Monday, December 10, 2007

Processes in UNIX

Process Identification

UNIX identifies processes by a unique integral value called the process ID. Each process also has a parent process ID, which is initially the process ID of the process that created it. If this parent process terminates, the process is adopted by a system process so that the parent process ID always identifies a valid process.

The getpid and getppid functions return the process ID and the parent process ID, respectively. The pid_t is an unsigned integer type that represents a process ID.

SYNOPSIS

#include

pid_t getpid(void);
pid_t getppid(void) ;
POSIX

Neither the getpid nor the getppid functions can return an error.

Example 3.1 outputPID.c

The following program outputs its process ID and its parent process ID. Notice that the return values are cast to long for printing since there is no guarantee that a pid_t will fit in an int.

#include 
#include

int main (void) {
printf("I am process %ld\n", (long)getpid());
printf("My parent is %ld\n", (long)getppid());
return 0;
}

System administrators assign a unique integral user ID and an integral group ID to each user when creating the user's account. The system uses the user and group IDs to retrieve from the system database the privileges allowed for that user. The most privileged user, superuser or root, has a user ID of 0. The root user is usually the system administrator.

A UNIX process has several user and group IDs that convey privileges to the process. These include the real user ID, the real group ID, the effective user ID and the effective group ID. Usually, the real and effective IDs are the same, but under some circumstances the process can change them. The process uses the effective IDs for determining access permissions for files. For example, a program that runs with root privileges may want to create a file on behalf of an ordinary user. By setting the process's effective user ID to be that of this user, the process can create the files "as if" the user created them. For the most part, we assume that the real and effective user and group IDs are the same.

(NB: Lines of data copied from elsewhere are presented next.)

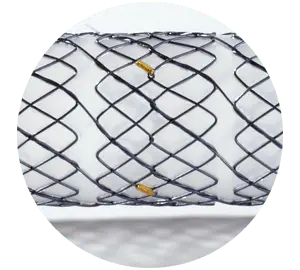 EPE - Parcial coberto - Hanaro Stent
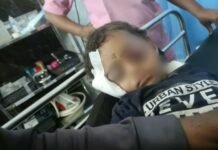 जामखेडमध्ये भटक्या कुत्र्यांचा कहर! पिसाळलेल्या कुत्र्याच्या हल्ल्यात दीड वर्षाच्या चिमुकलीचा डोळा निकामी; तिघे गंभीर जखमी बोराटे वस्ती हादरली, चिमुकलीवर पुण्यात शस्त्रक्रिया, उपचारासाठी १० लाखांचा खर्च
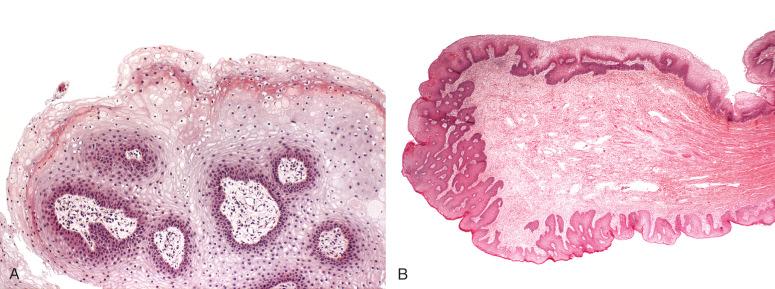 Fig. 10.7, Fibroepithelial stromal lesions. A, Acrochordon. B, Fibroepithelial stromal polyp.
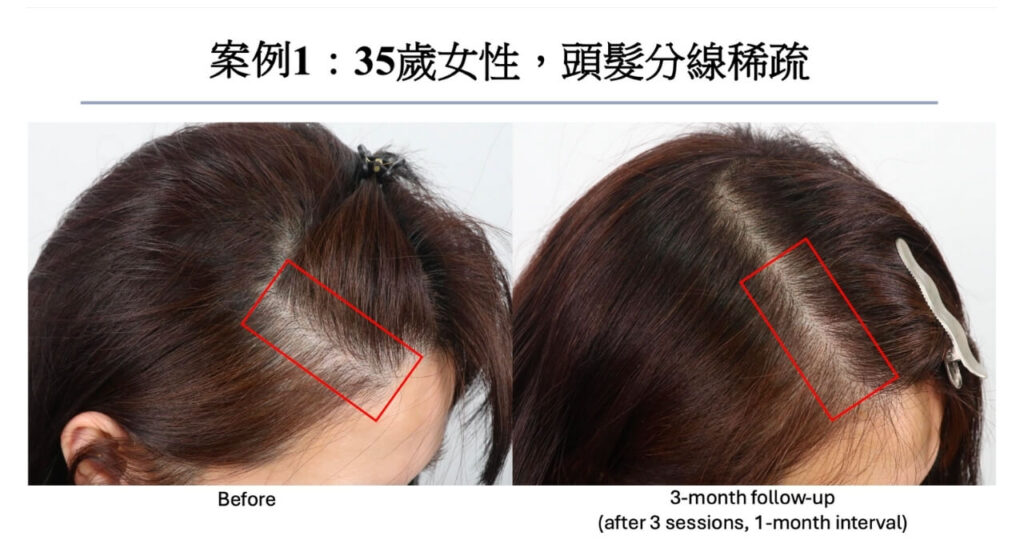 高雄外泌體生髮推薦|悅真醫美打造頭皮再生力,見證濃密新生 6 高雄外泌體生髮案例|頭髮分線稀疏(側邊頭髮分線)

The following functions return group and user IDs for a process. The gid_t and uid_t are integral types representing group and user IDs, respectively. The getgid and getuid functions return the real IDs, and getegid and geteuid return the effective IDs.

SYNOPSIS

#include

gid_t getegid(void);
uid_t geteuid(void);
git_t getgid(void);
uid_t getuid(void);
POSIX

None of these functions can return an error.

Example 3.2 outputIDs.c

The following program prints out various user and group IDs for a process.

#include 
#include

int main(void) {
printf("My real user ID is %5ld\n", (long)getuid());
printf("My effective user ID is %5ld\n", (long)geteuid());
printf("My real group ID is %5ld\n", (long)getgid());
printf("My effective group ID is %5ld\n", (long)getegid());
return 0;
}

Process State

The state of a process indicates its status at a particular time. Most operating systems allow some form of the states listed in Table 3.1. A state diagram is a graphical representation of the allowed states of a process and the allowed transitions between states. Figure 3.1 shows such a diagram. The nodes of the graph in the diagram represent the possible states, and the edges represent possible transitions. A directed arc from state A to state B means that a process can go directly from state A to state B. The labels on the arcs specify the conditions that cause the transitions between states to occur.

Figure 3.1. State diagram for a simple operating system.

graphics/03fig01.gif

While a program is undergoing the transformation into an active process, it is said to be in the new state. When the transformation completes, the operating system puts the process in a queue of processes that are ready to run. The process is then in the ready or runnable state. Eventually the component of the operating system called the process scheduler selects a process to run. The process is in the running state when it is actually executing on the CPU.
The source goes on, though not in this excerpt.